Traditional GIS relies on coordinates that are often contained in structured data or document metadata. Until recently, GIS technology hasn’t been able to exploit the great amount of locational information such as place names lacking explicit geo-coordinates that are found in unstructured data (which is anything from memos to email to text). In particular, the only way to incorporate unstructured data into GIS has been intensive manual curation and normalization of the unstructured data to make it usable by current tools.

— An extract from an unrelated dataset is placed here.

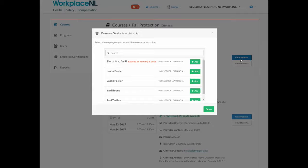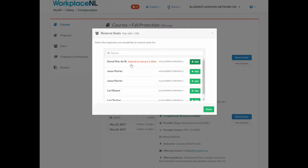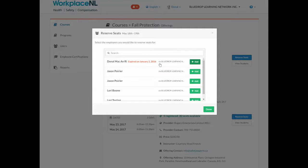You will be presented with a list of all employees in your network. Any users with an expired certificate in this standard will be listed, and next to each user you will see the option to add them to this class.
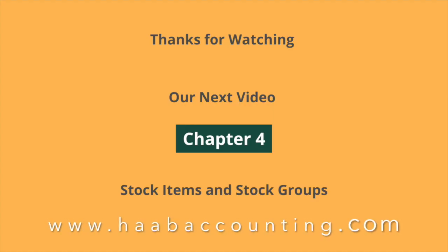Thank you for watching. Hope you understand this session. In our next chapter, we will learn how to create stock items and stock groups.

Geotagging is a text analytics technology that removes this roadblock:  it assigns absolute physical locations to place names.  It does make use of a list of place names and their geo-coordinates, known as a gazetteer, but it goes beyond simple look-up to solve one of the key challenges of place names, their ambiguity: one place name can refer to multiple locations, e.g., there’s a “Springfield” in many states. Using advanced natural language processing (NLP) and geospatial calculations, Geotagging can resolve the ambiguity by evaluating the overall context supplied by the surrounding unstructured data.  If there’s mention of “Worcester” or “Boston,” then it’s likely to be the “Springfield” in Massachusetts, not Illinois.

Geotagging also handles more than place names.  It can calculate the absolute location from a relative location expressed in the phrase “50 miles northeast of Bagram.” Geotagging of relative locations is very useful in particular for military and law enforcement applications, which deal frequently with unnamed locations.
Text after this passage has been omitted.